Louis explosa. « Tu n'as pas intérêt ! C'est hors de question que tu te sacrifies une fois de plus ! Je ne te laisserai pas faire ! » Il agrippa Gabriel par les épaules, essayant de rencontrer son regard, mais celui-ci garda la tête baissée.

« Mais on ne peut pas l'arrêter ! » cria-t-il. « On ne peut même pas l'attaquer pour diffamation ! On n'a aucune preuve que c'est lui qui dit de la merde aux magazines et bousille notre réputation dans l'industrie ! »

Louis le regarda avec horreur. « Notre réputation... De quoi tu parles ? »

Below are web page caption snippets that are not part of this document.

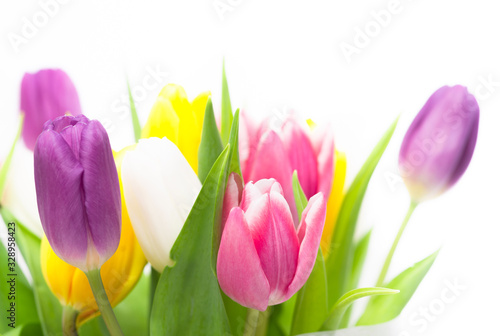 Bouquet of colored tulips on a white background. spring flowers. holidays concept, postcard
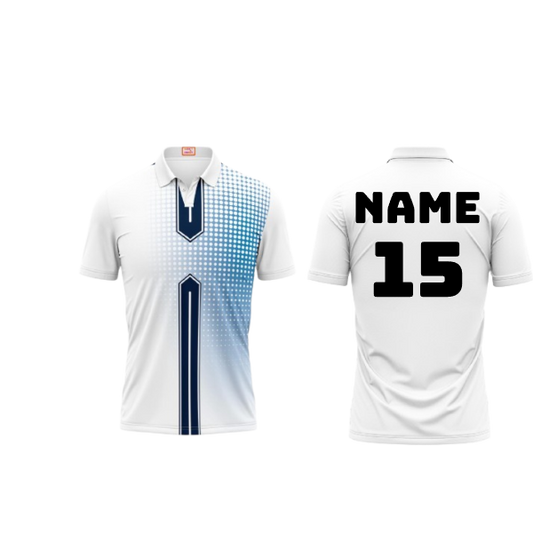 Next Print Customized Polo Neck White Jersey NPTS28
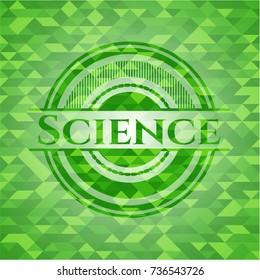 Science green emblem with mosaic background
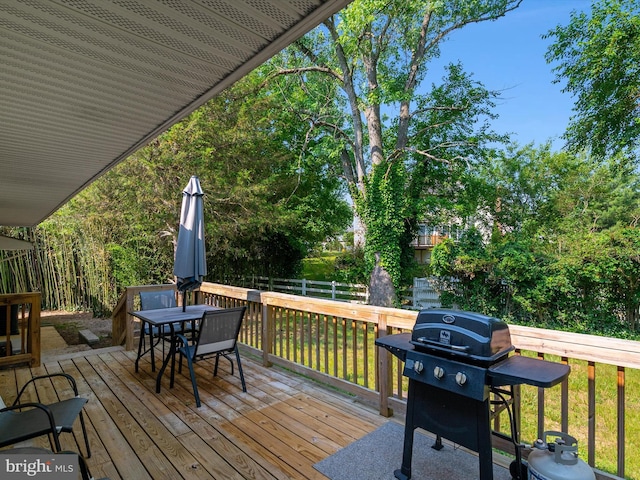 7802 Gary Ln, Severn, MD 21144 - wooden deck featuring a grill, a fenced backyard, and outdoor dining space
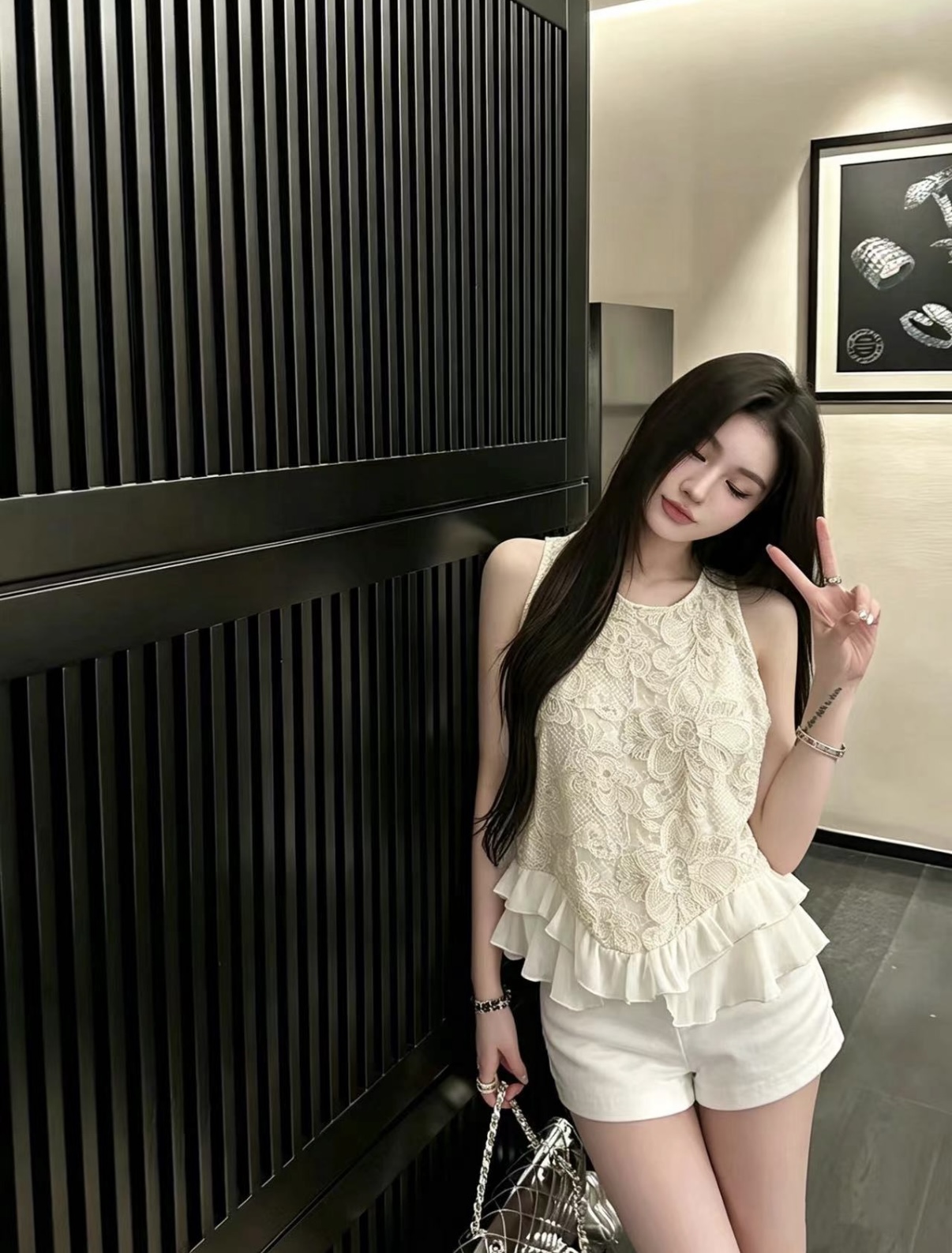 실사 무거운 작업 레이스 자카드 패치워크 표지 고기 슬림해 보이는 패션 맨위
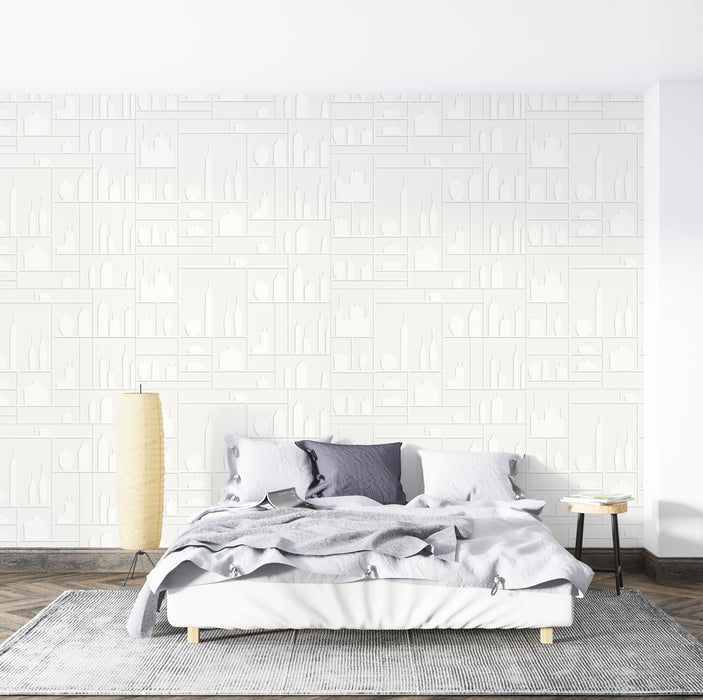 Minimalist white relief wallpaper | 3D geometric mural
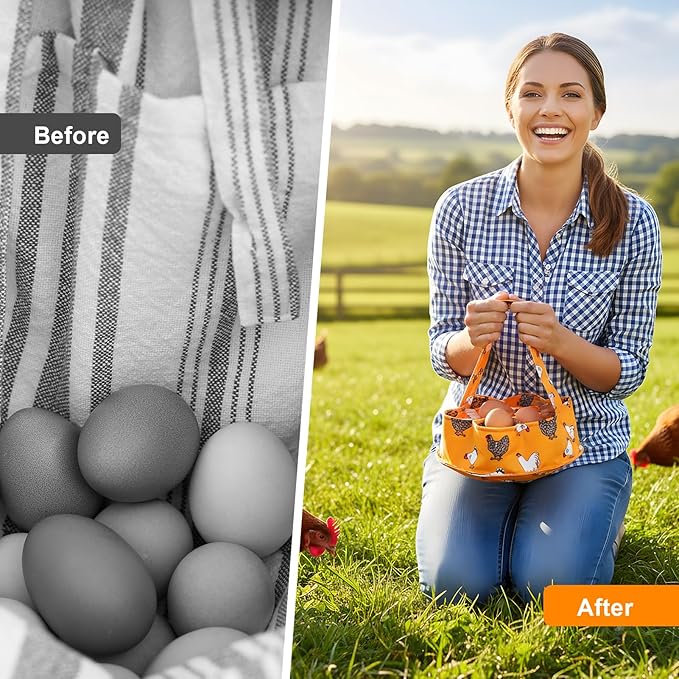 Egg Collecting Basket, Canvas Egg Basket for Gathering with 7 Pouches for Chicken, Duck, Goose, Bird, Various Poultry Collection (Yellow chicken)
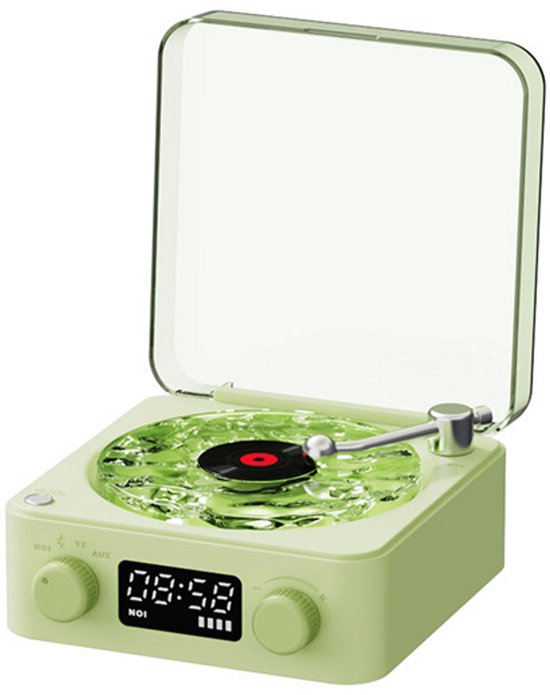 Record Player & BT Speaker, Old Fashioned Classic with Night Light, Stereo Sound, Small Cordless Speaker for Girls Students Gift (Green)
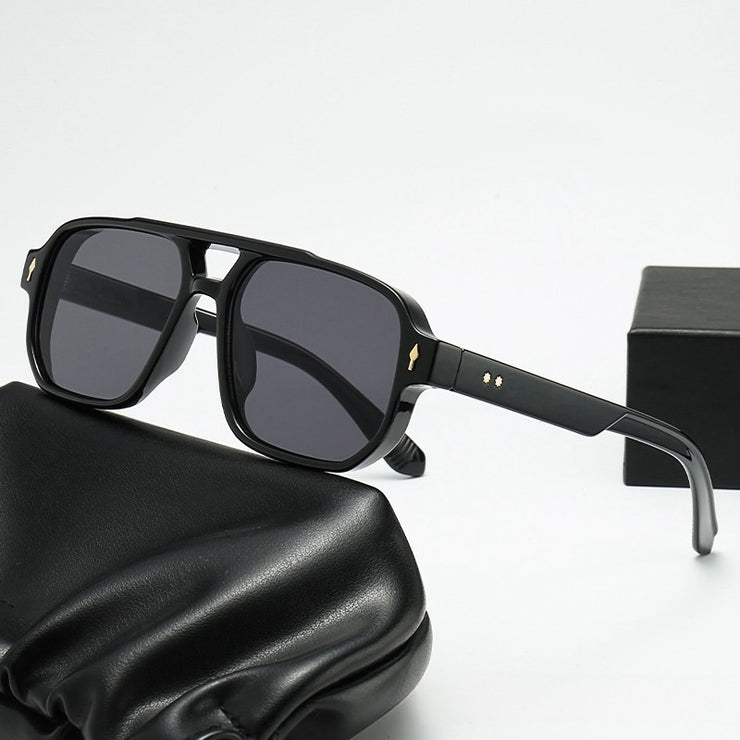 Square Fashion Double Beam Sunglasses Men&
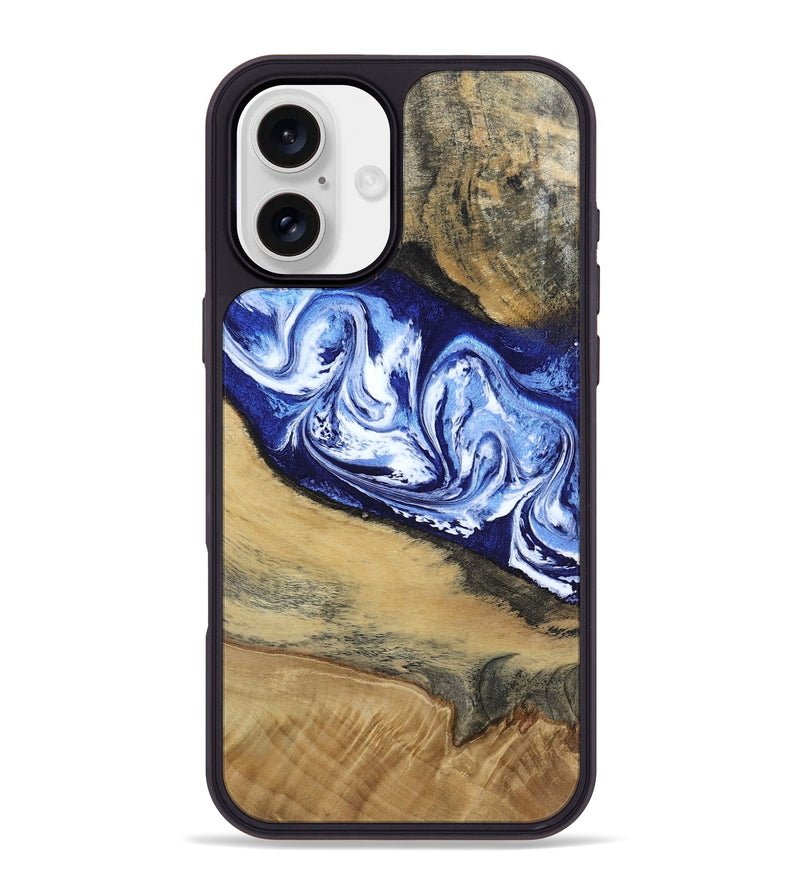 iPhone 16 Plus Wood Phone Case - Edsel (Blue, 802548)
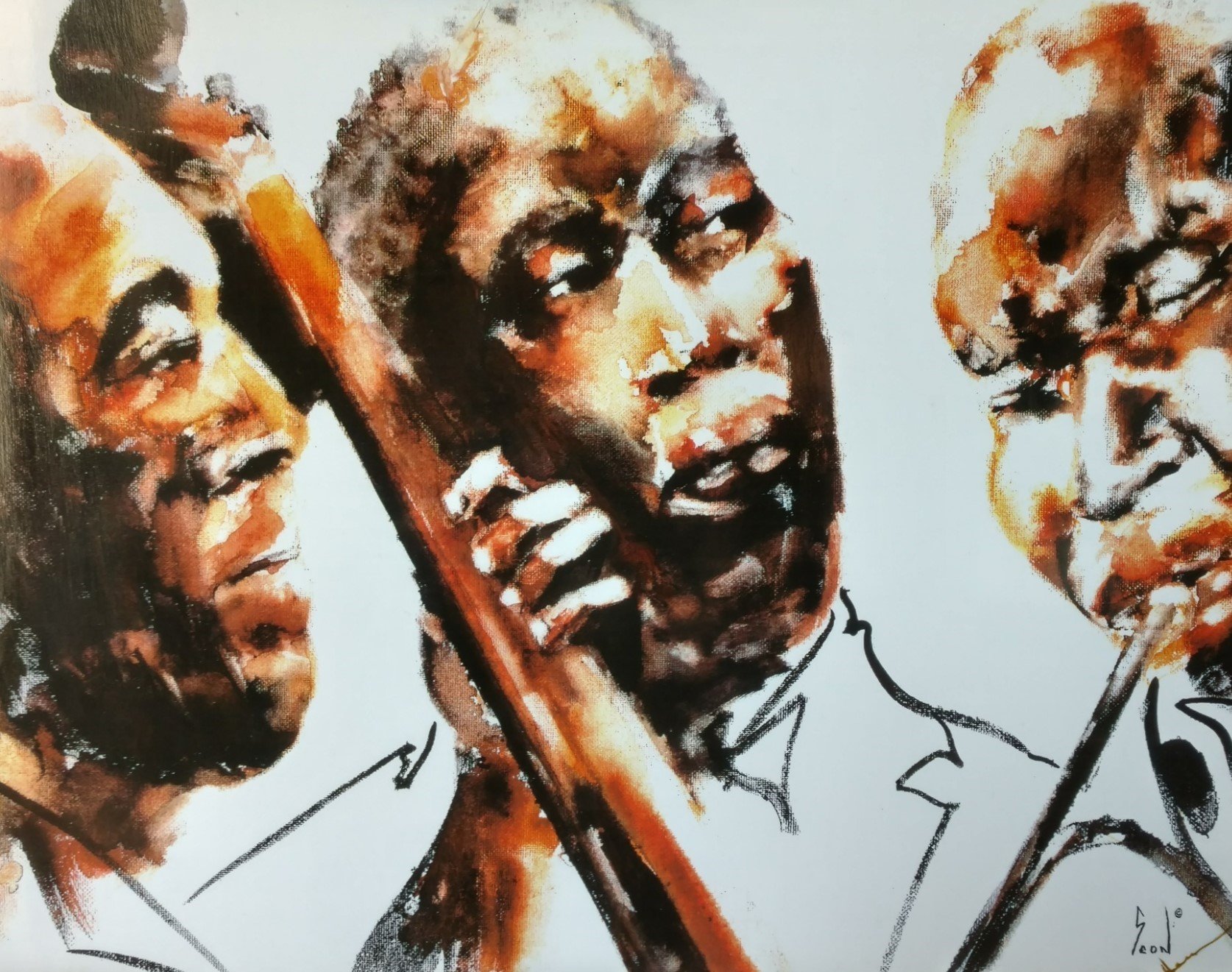 Three Musicians 11" x 14" Print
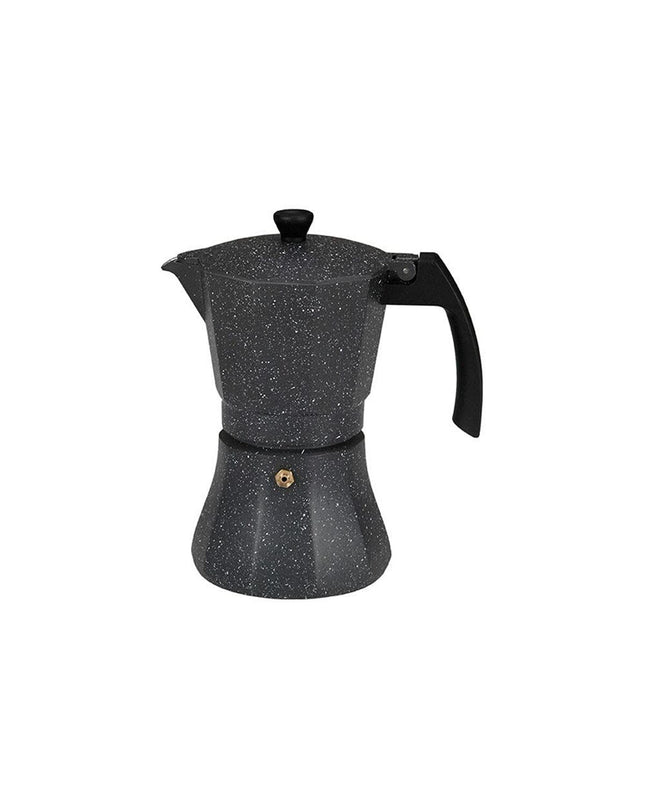 EDM Italiaanse koffiepot in zwart aluminium with 9 cups, ideal for induction stovetops, perfect for brewing traditional coffee.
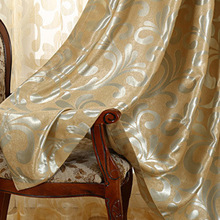 厂家窗纱直供遮光窗帘布卧室客厅工程酒店欧式双面提花布艺批发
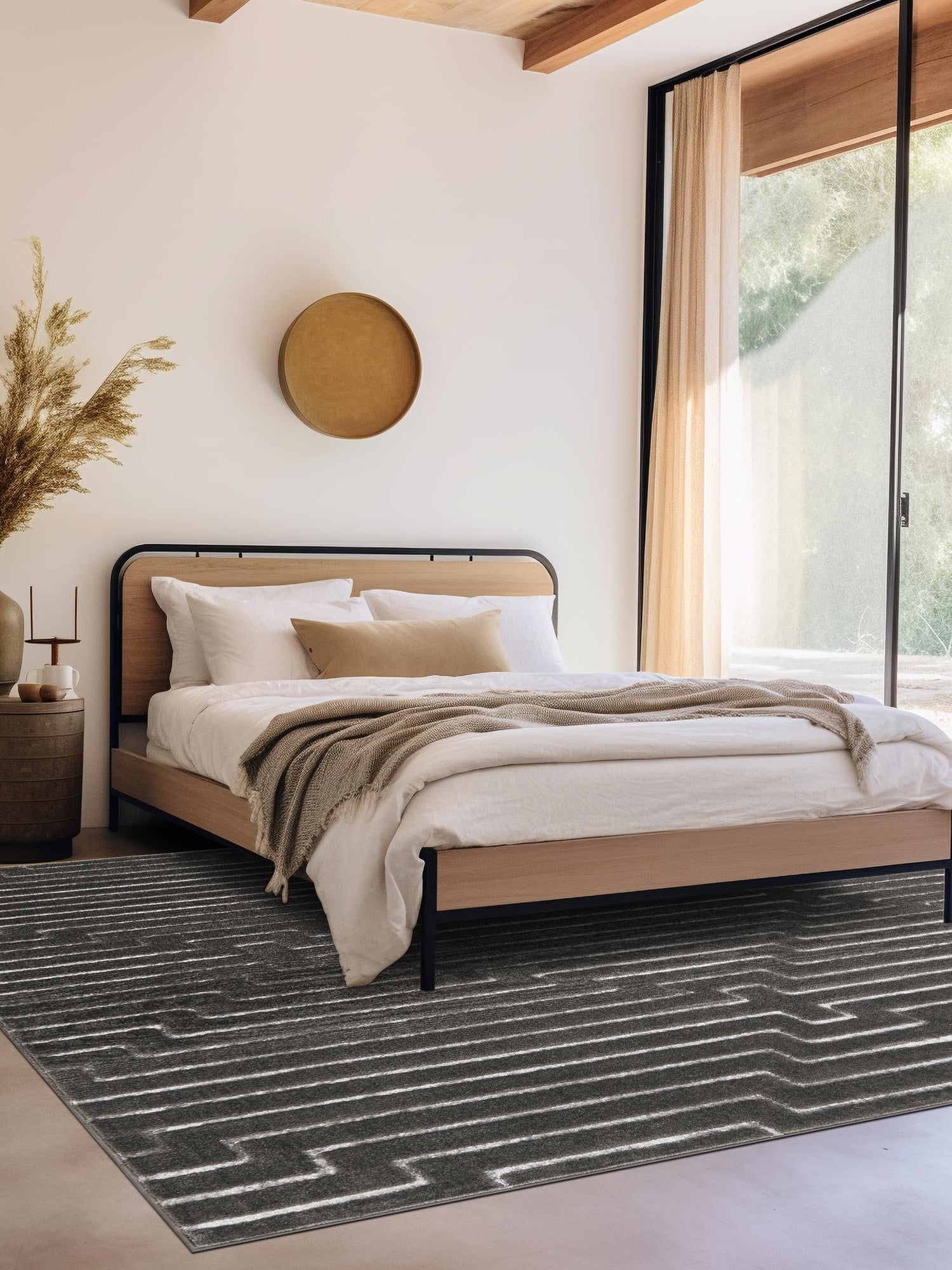 Gray and Silver 10' x 10' Vogue Geo Square Area Rug Geometric Glam Style Shiny Accents Carpet Mat for Unique Interior Design & Home Decor for Sale at Rug Engine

Gabriel soupira, dépité. « J'ai rappelé les labels que j'intéressais afin de discuter de l'avenir du groupe, mais personne n'a pris mon appel. Personne, alors qu'ils me déroulaient tous le tapis rouge il y a quelques mois. Et puis, à force de les harceler, un patron de label a accepté de me parler, et encore seulement parce que je l'avais déjà rencontré plusieurs fois lors de soirées. Il m'a révélé que notre réputation au sein de l'industrie était catastrophique. Le bruit a couru que nous ne sommes qu'une bande de drogués, que nous faisons n'importe quoi. À leurs yeux, nous ne sommes plus du tout une valeur sûre. Et même avec notre armée de fans, ils ne veulent pas prendre le risque de nous signer, car aucune compagnie d'assurance n'acceptera de couvrir des garçons instables et dangereux comme nous et, sans assurances, on ne peut pas se produire. Il m'a donné cette excuse mais je suis certain que tout le monde a peur de contrarier Andrew. Nous avons oublié de prendre en compte qu'Andrew est un homme puissant. On est foutus, » conclut-il en s'étranglant.